Our buffet is fine—a buffet is a buffet to my mind, but we are all glad to be sitting, drinking coffee (some of the last real brewed coffee we’ll get) and really meet Alexander. Shortly we bid farewell to luxury and the turbaned, curly-toe-shoed doorman, and get in our vans for more bumpy transport. Can I just say that, if I can’t make the shawl work, I am desperate for curly-toed shoes? There is one shop I get to much later in the trip that has several pair, but none of them fit me. I think I could rock a turned up toe like nobody’s business, but sadly, the soles of my shoes remain, to this day, steadfastly on the ground.
Over three weeks in India, I can count on one hand the number of women I’ve seen driving a car or motorbike. As you move farther and farther away from large metropolitan areas, caste system and gender roles become more and more pronounced, increasingly staid and traditional. I was under the mistaken and naïve impression that the caste system was a thing of the past. I knew that the lowest caste, the untouchables, were renamed “Children of God” but that had little effect on the hierarchy. It is fascinating that nobody seems at odds with the system. It is just for this lifetime, why worry? There are so many more lifetimes to come. No struggle against oppression. To my frame of mind it astounds me to know that an untouchable is not even supposed to let their shadow touch that of a member of a higher caste. The stables where our horses are based make it a particular, and controversial policy to hire untouchables, precisely BECAUSE it is such a difficult life. We are told that many Indian nationals would refuse to ever get on a horse that was saddled by an untouchable, and it would be unthinkable to eat food prepared by them. It never becomes clear to me how you know another’s caste standing, though some have black symbols and marks between their brows that I am told are caste markings, but certainly not everyone has these. Sex roles, too are so very rigid. Rural women keep heads and frequently faces covered. Men are affectionate together, walking hand-in-hand or arm-in-arm, hugging. Westerners don’t recognize the ease of men together and overlay a sexual connotation that is not part of it. The sexes aren’t allowed to intermingle, so affection is very free and easy. As a Westerner, I have to learn NOT to extend my hand in greeting to an Indian woman or physically interact with the opposite sex.

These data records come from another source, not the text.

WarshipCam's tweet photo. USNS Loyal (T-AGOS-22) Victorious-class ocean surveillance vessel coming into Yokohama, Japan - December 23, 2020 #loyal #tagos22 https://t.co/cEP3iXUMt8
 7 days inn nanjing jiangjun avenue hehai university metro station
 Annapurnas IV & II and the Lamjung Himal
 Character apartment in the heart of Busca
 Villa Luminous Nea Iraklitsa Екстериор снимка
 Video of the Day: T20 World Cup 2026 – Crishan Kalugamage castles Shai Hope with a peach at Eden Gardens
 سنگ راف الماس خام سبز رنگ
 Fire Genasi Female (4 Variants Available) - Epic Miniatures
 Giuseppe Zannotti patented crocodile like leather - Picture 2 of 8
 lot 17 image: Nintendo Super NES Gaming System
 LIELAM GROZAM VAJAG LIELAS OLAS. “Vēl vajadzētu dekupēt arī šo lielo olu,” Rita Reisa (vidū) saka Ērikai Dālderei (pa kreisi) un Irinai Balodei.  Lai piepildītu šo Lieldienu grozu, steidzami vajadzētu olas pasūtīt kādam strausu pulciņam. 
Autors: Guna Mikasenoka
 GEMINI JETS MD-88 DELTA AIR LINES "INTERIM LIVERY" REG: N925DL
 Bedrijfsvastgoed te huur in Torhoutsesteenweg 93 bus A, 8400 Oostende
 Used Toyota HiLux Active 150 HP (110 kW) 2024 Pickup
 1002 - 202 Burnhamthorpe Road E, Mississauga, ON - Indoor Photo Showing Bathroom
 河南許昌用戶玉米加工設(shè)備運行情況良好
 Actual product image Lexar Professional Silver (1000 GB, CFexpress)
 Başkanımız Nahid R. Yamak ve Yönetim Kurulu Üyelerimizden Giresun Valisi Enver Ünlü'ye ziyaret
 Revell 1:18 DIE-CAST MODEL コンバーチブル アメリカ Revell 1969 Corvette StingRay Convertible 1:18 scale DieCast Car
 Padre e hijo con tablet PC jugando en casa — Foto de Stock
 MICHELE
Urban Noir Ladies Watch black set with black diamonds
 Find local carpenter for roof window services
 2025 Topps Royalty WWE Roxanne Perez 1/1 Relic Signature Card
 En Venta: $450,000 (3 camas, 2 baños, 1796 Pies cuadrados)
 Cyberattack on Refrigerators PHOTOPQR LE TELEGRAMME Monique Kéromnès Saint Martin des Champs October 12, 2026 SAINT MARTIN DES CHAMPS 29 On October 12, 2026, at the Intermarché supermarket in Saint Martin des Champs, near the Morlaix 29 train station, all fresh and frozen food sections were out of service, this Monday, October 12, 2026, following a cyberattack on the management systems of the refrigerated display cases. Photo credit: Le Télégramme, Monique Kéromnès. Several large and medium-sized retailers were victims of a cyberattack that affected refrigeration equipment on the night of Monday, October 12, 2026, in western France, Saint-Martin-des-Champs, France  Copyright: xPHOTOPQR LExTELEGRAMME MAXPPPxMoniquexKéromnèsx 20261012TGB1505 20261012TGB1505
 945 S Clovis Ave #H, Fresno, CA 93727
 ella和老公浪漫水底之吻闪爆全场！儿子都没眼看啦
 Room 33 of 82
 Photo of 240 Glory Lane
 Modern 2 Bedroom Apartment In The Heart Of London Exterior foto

Rajasthani men, the vast majority of boys and young men, at least, wear earrings in both pierced ears. Almost always it is the “Rajasthan Flower” which I am told is the symbol of the region. Like when we were little kids and drew flowers by scribbling concentric loops into a larger circle, many of this design have what appear to be rubies or diamonds—always red and white—I presume, perhaps erroneously, that they must be glass chips since these guys live off the land as goatherds or are unemployed, all dwelling in tiny villages. The staff working with us for the ride has them, and most of them are untouchables. Many women are also pierced in noses and ears, but on them I don’t see the flower design, just simple studs. Though to be honest, women’s ears are regularly covered by veils.